H’mm …… you could be forgiven for assuming a foundation devoted to promoting poetry would have a slightly grander title than ‘H’mm’. Nothing poetic about that – it doesn’t rhyme, doesn’t have a rhythm, it’s not polished and precise, glittering with alliteration or metaphor. It isn’t even a word. It’s just a sound, a noise you make to fill in the space between the words you haven’t yet thought of. Sometimes, it’s a thought, possibly even the sound of your brain whirring.

But to my mind, H’mm Foundation is a very good name for an organisation which wants to promote poetry. You got it from the priest poet R. S. Thomas who has a whole volume of poetry entitled H’m (but with one ‘m’). It is not clear whether Thomas is saying H’m – that is – here is poetry – make of it what you will – because, as someone else has said, poetry which can be understood is not poetry. Poetry makes you think. Or is the apostrophe between the H and m in Thomas’ volume meant to indicate the omission of the letter ‘I’? In that case the volume is about Him – that is God because in the Old Testament, God is never called by his proper name in order to respect His otherness.

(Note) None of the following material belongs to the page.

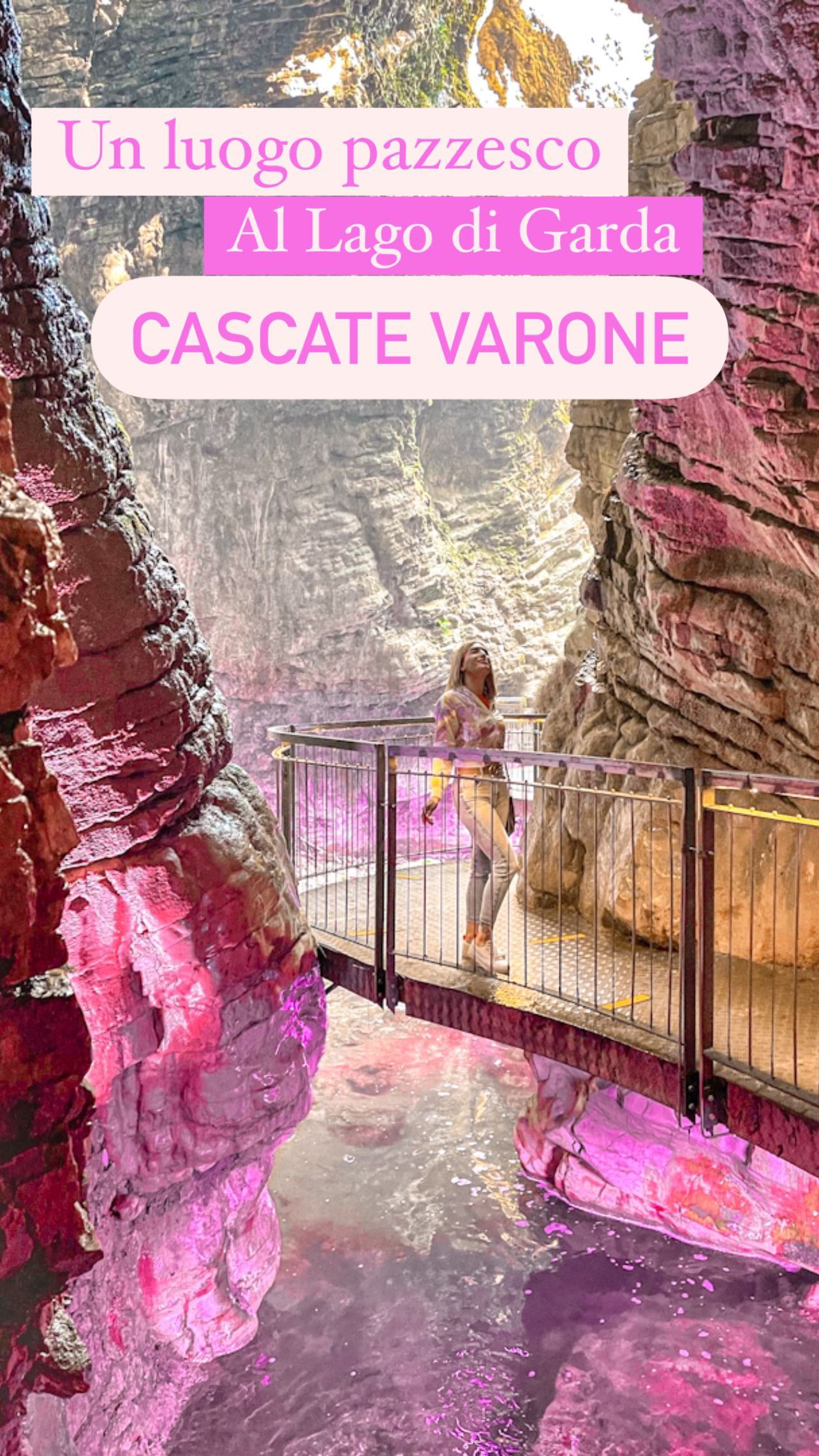 Varone Waterfall Park's Grottoes and Gardens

So Thomas’ poetry is about asking questions about the meaning and value of life and existence, a question discussed by many poets.

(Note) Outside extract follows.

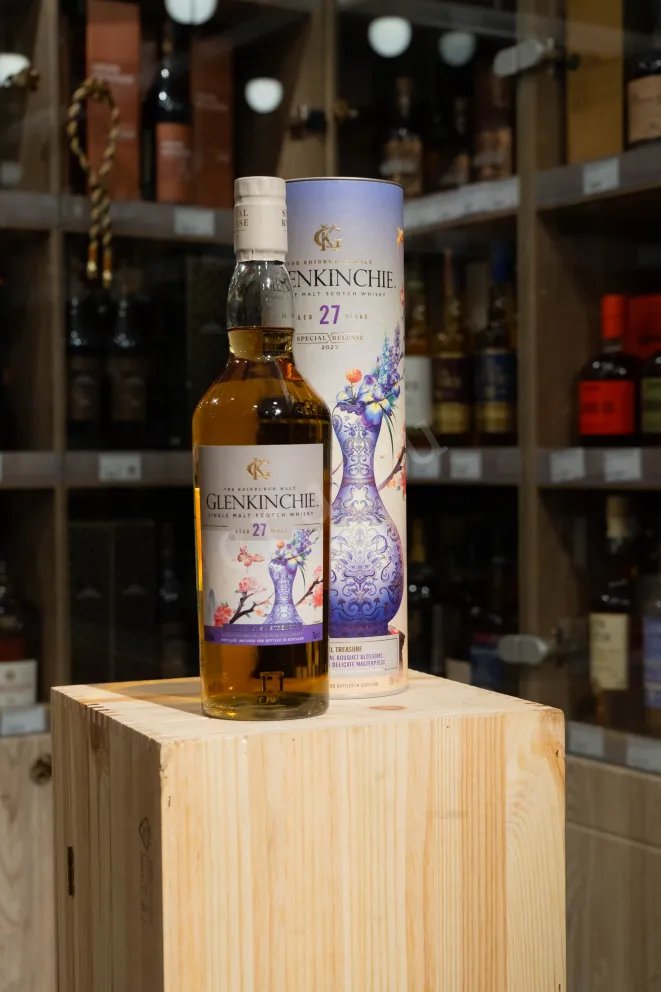 В магазине Крю Профи Glenkinchie 27 year old in tube 0.7 л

But perhaps H’mm is meant to draw attention to the importance of pauses.  It was W. H. Auden who said. “Poetry makes nothing happen.” In a world full of busyness and clamour, good poetry makes us pause. It seeks to make us stop and stand and ponder about questions of life and death. Good poetry like lager touches parts of us which more mundane words fail to touch – our imaginations, our feelings, our emotions, our hearts.  It has no defined aims – it just is.

As one poet put it,

“A good poet champions myths, which are age-old markers for our journey in the inner and outer world; a good poet celebrates the extra-ordinary in ordinary events and lives; a good poet uses satire to save us from being bewitched by what looks obvious and likes us to think it’s obvious; and finally a good poet employs lament to give us ways of looking at our losses and failures in order to save us from apathy and despair”.

Or as R S Thomas would put it, “poetry is that which arrives at the intellect by way of the heart”.

Poetry deals with everyday events and feelings providing apposite words to match them. The words used give shape and form to sentiments which elude the ciphers of script and text. Poetry enables us to look at things in a new light. As the American Wallace Stevens said, “the poet is the priest of the invisible”. Poetry affirms our human experiences and extends the boundaries of such experiences; it seeks to make the unseen discernible. It raises questions and suggests possibilities.

Christian communities and Christian liturgies know the importance of poetry. It is embedded in the Scriptures, embodied in our hymns and hinted at in the cadences of Cranmer and his ilk. It plays an increasingly key role in weddings, funerals and commemorations, stepping into the gap created by our struggle to find something to say.  On such occasions, poetry provides a perfect focus for the quiet, personal devotion or for very vocal, communal paeons of praise.

So poetry is an immensely powerful medium. It moves and affects all strata of society. Children take delight in the rhyme and rhythm of nursery rhymes and can express themselves freely within the flexible parameters of free verse. Many adults carry a copy of a favourite poem, one that has helped them in bereavement, or which was given to them in the first flushes of romance. Dylan Thomas said:

“Poetry is what is in a poem that makes you laugh, cry, prickle, be silent, makes your toe nails twinkle, makes you want to do this or that or nothing, makes you know that you are not alone in the unknown world, that your bliss and suffering is forever shared and forever, all your own”.

Poetry, like music, matters to us in Wales. Whether our senses are touched through the notes on the stave or the words in a stanza, we have a tradition of recognising all that the arts can do to uplift and en-noble our often ephemeral existences. Above all, poetry can play such a role in so many different contexts: at work, at play, in joy and sorrow, in hope and in trouble.

That is why the H’mm Foundation is a cause for celebration. It seeks to safeguard within the heart of our nation, a place for the mind and the soul, to secure a place for poetry, especially, in the work-place.

We are, today, much more enlightened about the environments which are conducive to people giving of their best. So sweatshops and mindless processing are, thankfully, increasingly rare in the work-place. But sometimes, of necessity, work can still be difficult, demanding, mundane or tedious. In such circumstances, poetry can help.  Whether through a well-placed poster, brightly displaying words of encouragement or affirmation, or through the presence of a poet him or herself, offering a fresh perspective on things, the things that we do as we labour in life, can be made the more purposeful and even palatable by the words we speak.  There is a time for silence and time for speaking and a time for poetry, in all of life’s events.

Barry Morgan is Archbishop of Wales. This is the text of an address he gave at the launch of the H’mm Foundation in the Millennium Centre last Thursday evening. The Foundation is supported by the IWA as well as the Church in Wales, the Institute of Directors, Literature Wales, and the Western Mail.